L'organisme des Français contient des doses relativement élevées de pesticides par rapport à d'autres pays proches, révèle une étude nationale.
Laver les fruits et les légumes pour les débarrasser des résidus de pesticides est devenu un réflexe pour un grand nombre de Français. Ce petit geste est pourtant loin de les en protéger entièrement. La preuve avec le rapport publié lundi par l'Institut national de veille sanitaire (InVS). Pour la première fois, une vaste étude a mesuré les niveaux moyens de pesticides présents dans la population. Les résultats de ces tests biologiques mettent en évidence une exposition relativement élevée par rapport à d'autres pays aux conditions de vie comparables, comme les Etats-Unis, le Canada, l'Allemagne ou le Royaume-Uni.
Ce volet environnemental de l'étude nationale Nutrition et santé s'est basé sur des tests sanguins et urinaires de 3100 Français adultes, représentatifs de la population. Trois catégories de pesticides, aux effets et aux usages variables, ont été prises en compte:
- Les pesticides organochlorés. Ces produits aux propriétés fongicides et antimicrobiennes sont pour la plupart interdits aujourd'hui. Il était néanmoins nécessaire d'étudier leur impact car ils persistent longtemps dans l'environnement.
-Les pesticides organophosphorés: développés dans les années 1970, ils sont très efficaces contre les insectes, mais peuvent être très toxiques -voire mortels- pour l'homme si l'individu est exposé à une forte dose. Un certain nombre d'entre eux ont été interdits depuis 2006, année où les prélèvements biologiques ayant servi à l'étude ont été réalisés.
-Les pesticides pyréthrinoïdes: ces insecticides sont utilisés en agriculture, horticulture, dans le domaine forestier, dans les hôpitaux, dans les constructions publiques et commerciales, mais aussi à un niveau domestique, pour protéger les plantes et les textiles. Ils sont aussi présents dans les diffuseurs antimoustiques.

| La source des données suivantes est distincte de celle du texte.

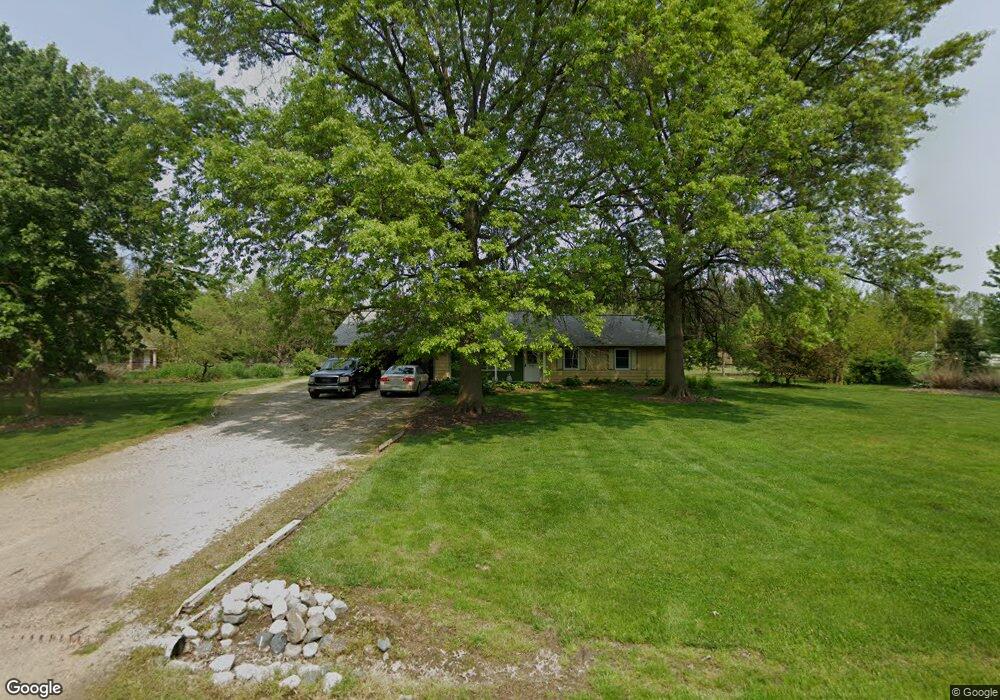 4802 Wheatridge Rd, Fort Wayne, IN 46835 - photo 1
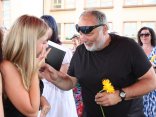 IMG_5746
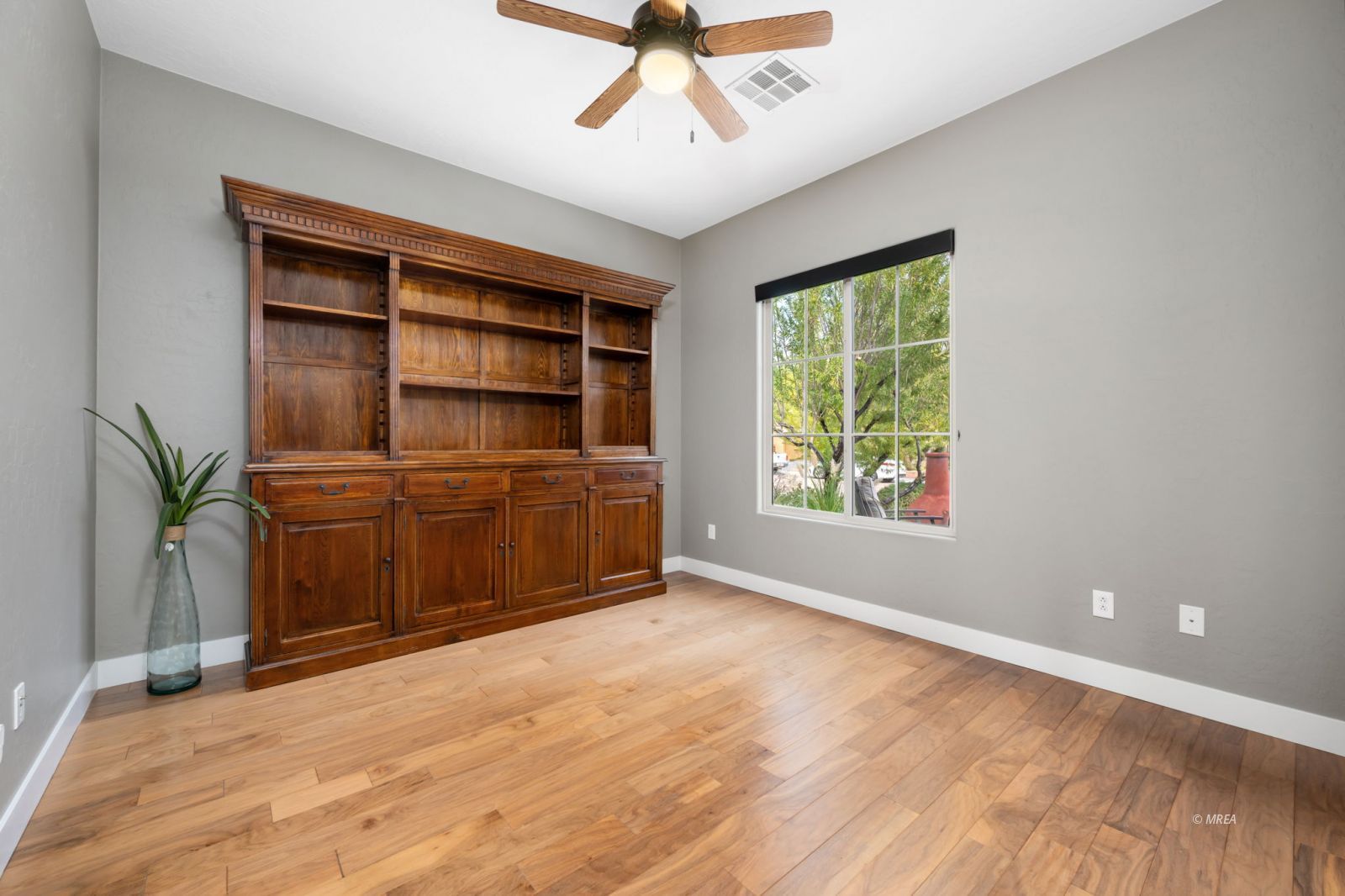 1257  Conestoga Camp Pt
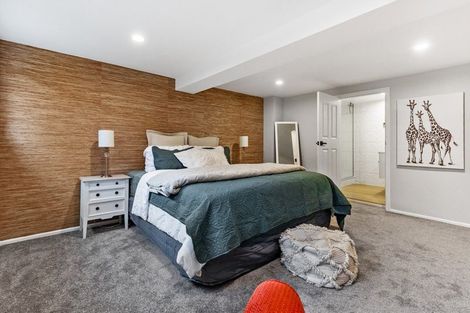 Photo of property in 5 Tainui Street, Torbay, Auckland, 0630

Pour les trois familles de pesticides, l'exposition des Français est supérieure à celle observée aux Etats-Unis et au Canada. La France fait mieux que l'Allemagne pour les organophosphorés mais moins bien pour les pyréthronoïdes. Globalement, l'INVS estime qu'une «attention particulière doit être portée aux pesticides organophosphorés et pyréthrinoïdes pour lesquels les niveaux français semblent être parmi les plus élevés en référence à des pays comparables».
Jardinage et animaux de compagnie
Pour Nadine Fréry, responsable de l'étude, la contamination ne se fait pas uniquement via l'alimentation mais elle s'explique aussi par l'usage domestique de ces produits. Les pyréthronoïdes servent couramment pour traiter le potager ou pour protéger les animaux de compagnie contre les puces. «Or les Français ont le plus fort taux d'animaux de compagnie du monde, et beaucoup de gens dorment avec leur chien ou leur chat sur leur lit, même si celui-ci porte un collier antipuces». La proximité de vignes favorise quant à elle l'exposition aux organophosphorés.
Compte tenu des taux observés, quels problèmes de santé publique peuvent être attribués aux pesticides? Selon Nadine Fréry, l'impact à long terme de l'exposition actuelle reste difficile à évaluer. «Des recherches sont en cours au niveau international mais pour l'instant, aucun seuil critique, aucune concentration sanguine à ne pas dépasser n'a été fixé par la communauté scientifique».
L'exposition chronique aux organophosphorés et aux pyréthronoïdes peut attaquer le système nerveux, provoquant des troubles de la sensibilité, des fourmillements, des vertiges, jusqu'à des convulsions dans les cas les plus graves. Les pyréthronoïdes sont également soupçonnés d'être des perturbateurs endocriniens.
Réduire encore les PCB
L'étude s'est aussi penchée sur les PCB, aussi appelés pyralènes. Même si la production de ces produits, autrefois utilisés dans les transformateurs électriques et certaines encres et peintures, est interdite depuis 1987, ils sont encore présents dans des cours d'eau contaminés. Par ce biais, ils migrent dans les graisses animales (poissons, viande, produits laitiers), ensuite ingérées par l'homme. La France se distingue par un taux excessif de PCB chez 13% des femmes en âge de procréer. Des résultats à améliorer quand on sait que les pyralènes peuvent perturber le développement psychomoteur de l'enfant, pendant la grossesse ou par l'allaitement.
Lundi, la Commission européenne a par ailleurs obtenu le feu vert des pays membres pour interdire trois insecticides de la famille des néonicotinoïdes (non pris en compte par l'étude Nutrition et santé) afin de protéger la survie des abeilles.